[Study material Boundary: Start]
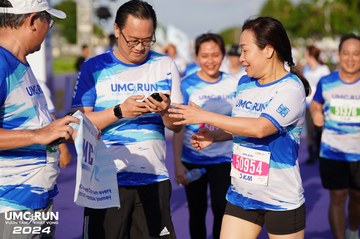 UMC RUN - VƯƠN TẦM KHÁT VỌNG - Ảnh #1876677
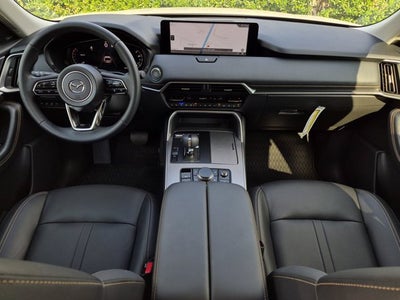 2026 Mazda Mazda CX-70 3.3 Turbo Premium AWD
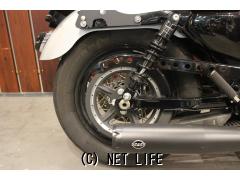 ハーレーダビッドソン スポーツスターXL1200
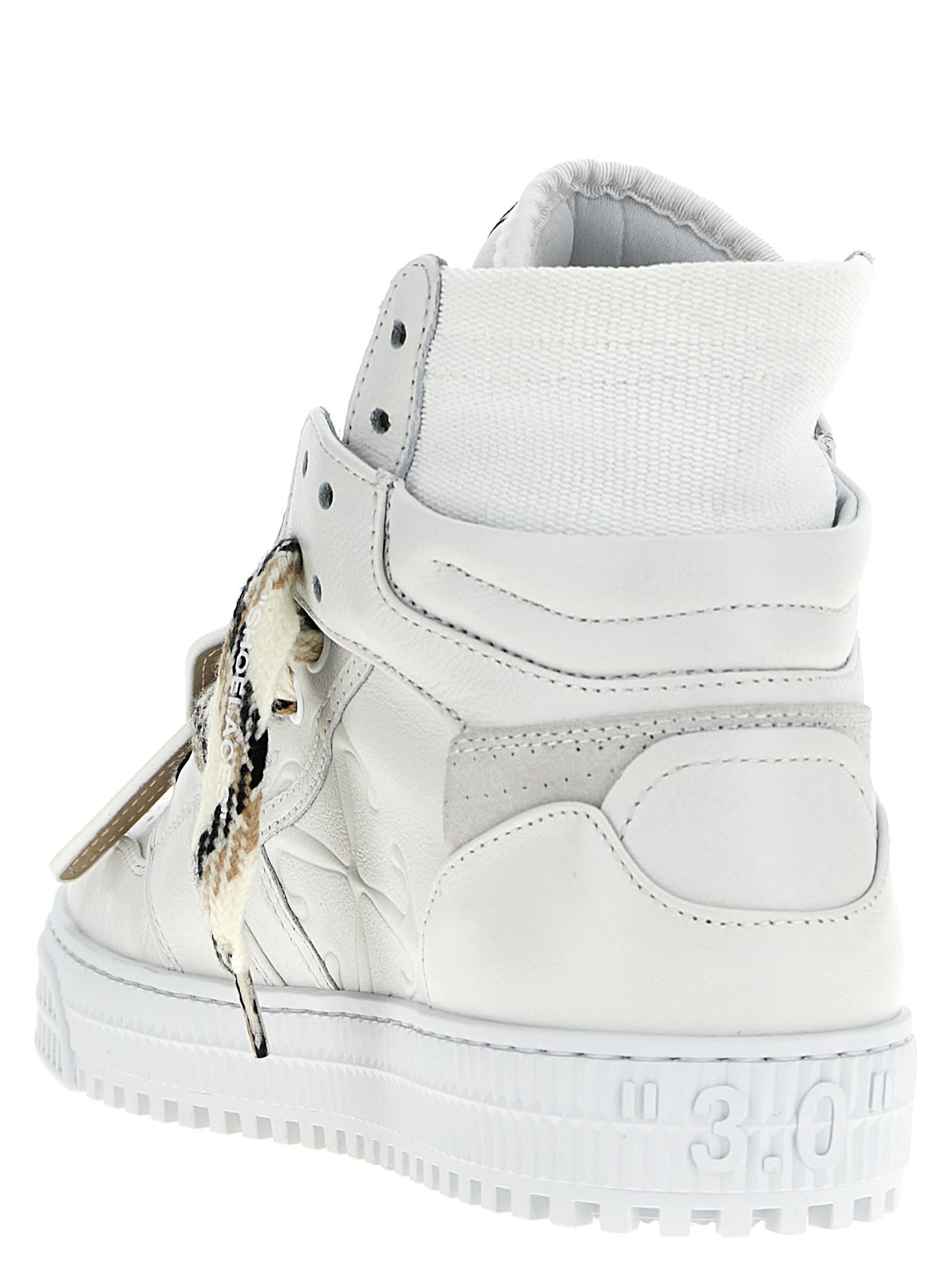 Shop Off-white 3.0 Off Court Sneakers In White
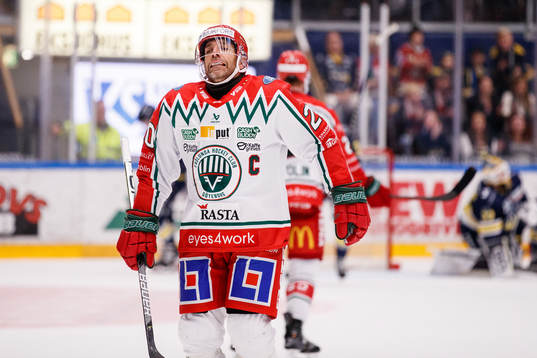 Frölundas Joel Lundqvist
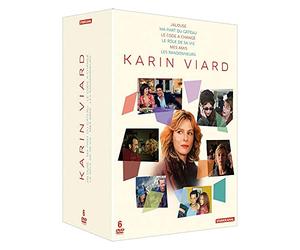 Karin Viard - Coffret : Jalouse + Ma part du gâteau + Le Code a changé + Le Rôle de sa vie + Mes amis + Les Randonneurs [Pack]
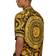 Versace Barocco Silk Shirt - Gold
[Study material Boundary: End]
## Instructions for the task
Give back only the lines from the one that carries "ハーレーダビッドソン スポーツスターXL1200" through the final line above, both included. Drop all pictures.

## Answer to this problem
 ハーレーダビッドソン スポーツスターXL1200
 Shop Off-white 3.0 Off Court Sneakers In White
 Frölundas Joel Lundqvist
 Karin Viard - Coffret : Jalouse + Ma part du gâteau + Le Code a changé + Le Rôle de sa vie + Mes amis + Les Randonneurs [Pack]
 Versace Barocco Silk Shirt - Gold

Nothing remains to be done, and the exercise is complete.